Lebih lanjut dikatakan, permasalahannya kita meminta kepada pemerintah, perjanjiannya bulan Maret, sementara diajukan oleh Presiden 17 Nopember 2015 berdasarkan surat yang ditandatangani Presiden dengan Nomor Surat R 68.
"Kenapa diajukan, ada ketentuan Pasal 84 UU Nomor 7 tahun 2014 tentang Perdagangan, setiap perjanjian perdagangan internasional yang dibuat pemerintah disampaikan kepada DPR, untuk diputuskan perlu atau tidaknya. Sementara UUD 1945 pasal 11 menyatakan, perjanjian dengan negara lain harus persetujuan DPR, secara lebih luas membuat perjanjian internasional yang menimbulkan akibat kembali ke kehidupan rakyat, beban keuangan negara," ujarnya.
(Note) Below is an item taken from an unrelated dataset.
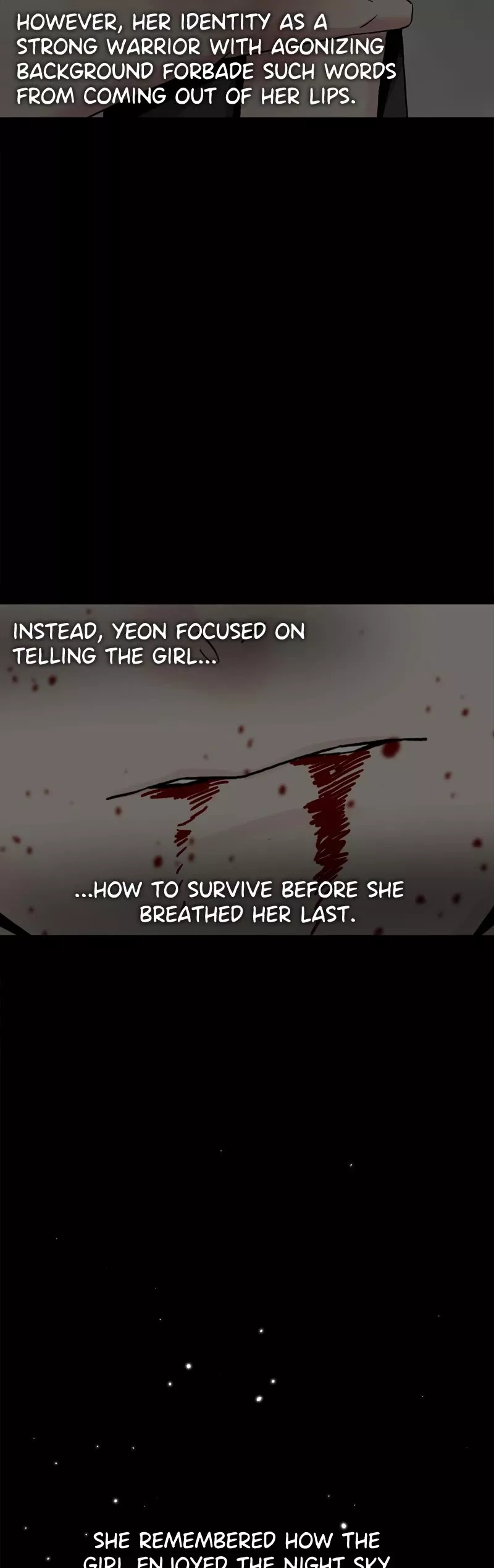Read Hero Killer (Beolkkul) chapter 124 image 33 on Lezhin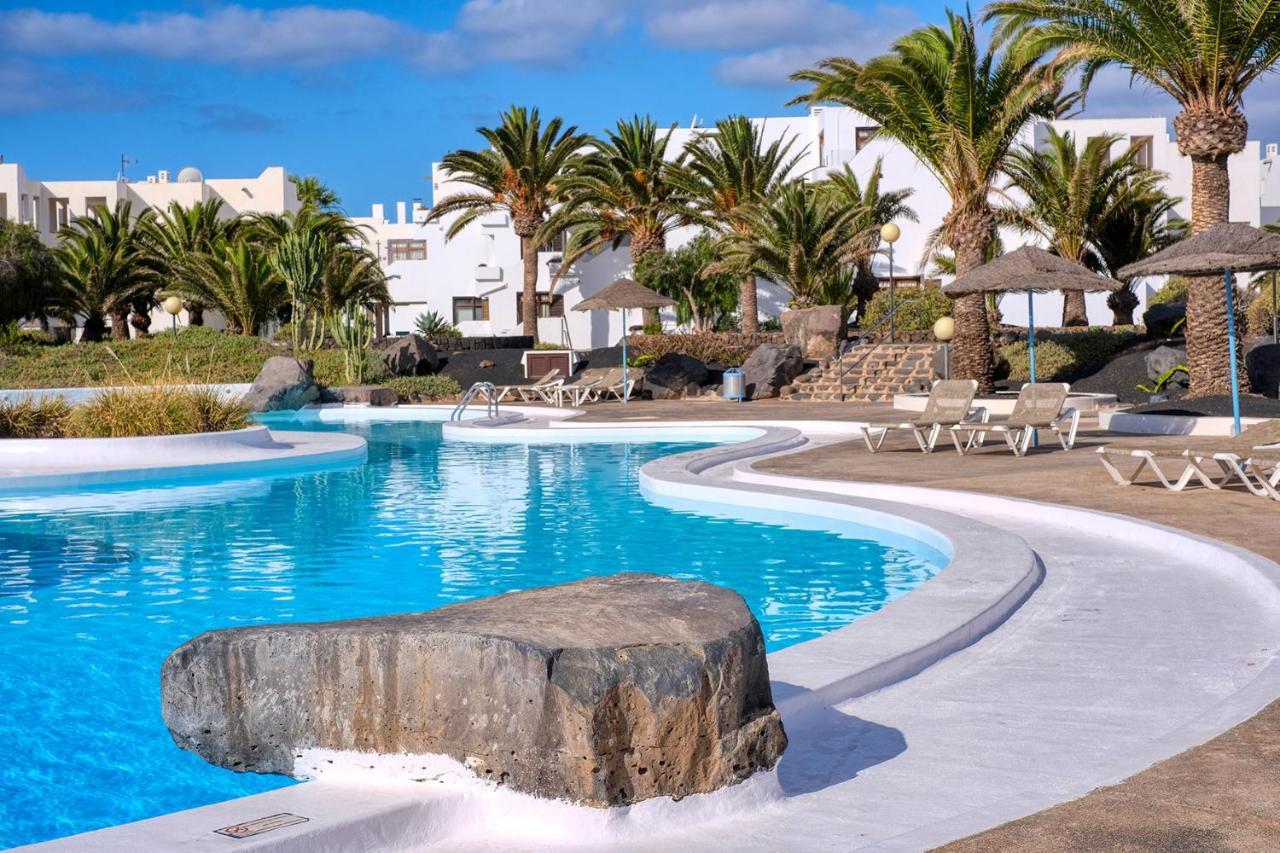 Los Molinos Luxury Y Relax Коста-Тегісе Екстер'єр фото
Sementara itu, tambahnya, beberapa UU terlibat, ada 6 UU, 1 keputusan Presiden, 1 keputusan pemerintah. Berarti harus disinergikan, apa dampaknya.

"Kita undang juga pelaku bisnis. Kita berharap pemerintah harus melindungi semua pelaku usaha dan masyarakat kita. Jangan buka liberalisasi. Bisa lakukan kajian strategis," katanya.